DATA SEGMENT: Begin
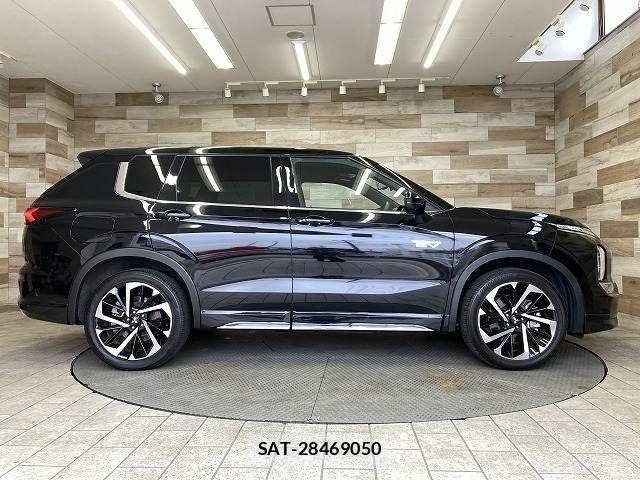 Mitsubishi OUTLANDER PHEV 2022-01 6673080-16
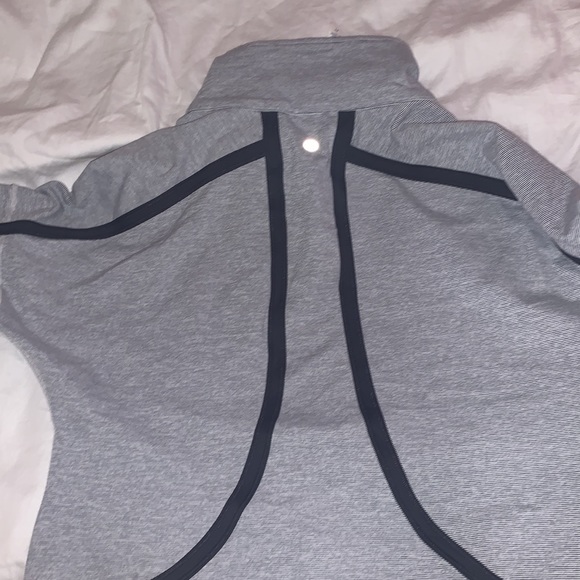 Lululemon jacket in size ten for $24 - Picture 3 of 4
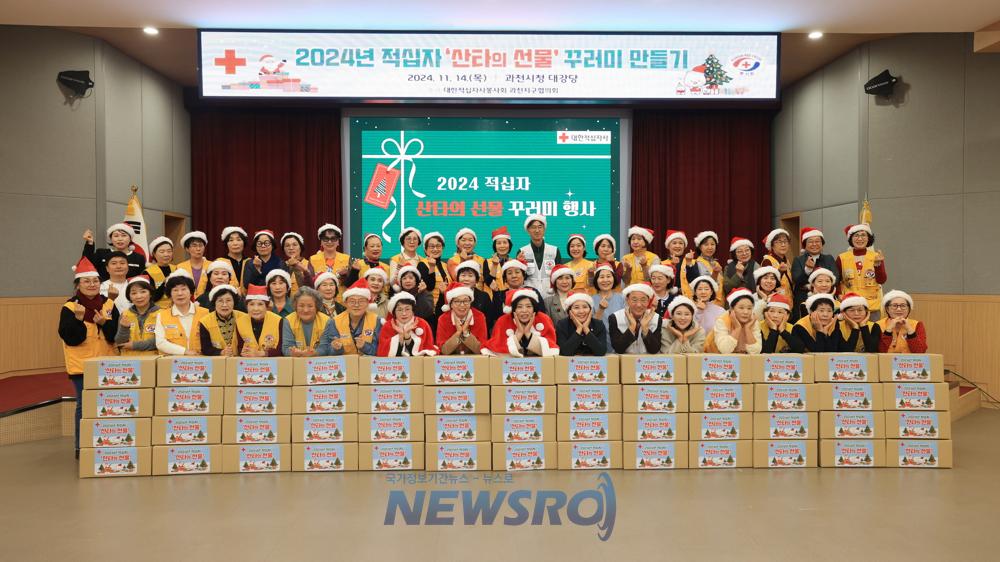 과천시, 연말맞이 산타의 선물 꾸러미 전달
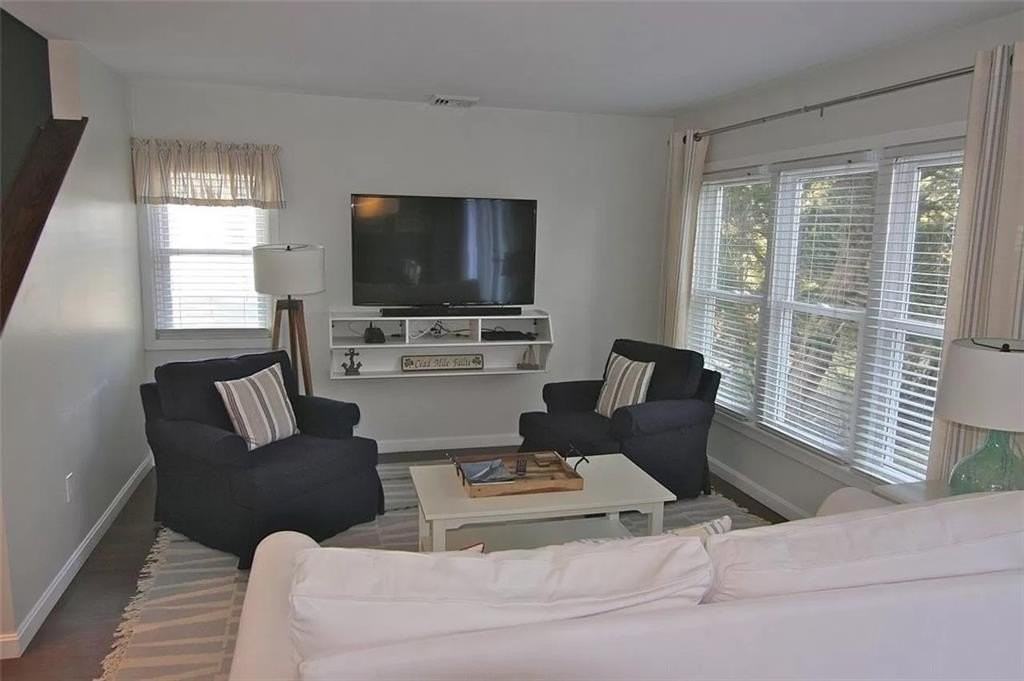 70 Houston Ave #70 - Photo 4 of 13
DATA SEGMENT: End
> [DIRECTIONS]
Go through the material above and retype every line exactly, without the images.

> [ANSWER AREA]
 Mitsubishi OUTLANDER PHEV 2022-01 6673080-16
 Lululemon jacket in size ten for $24 - Picture 3 of 4
 과천시, 연말맞이 산타의 선물 꾸러미 전달
 70 Houston Ave #70 - Photo 4 of 13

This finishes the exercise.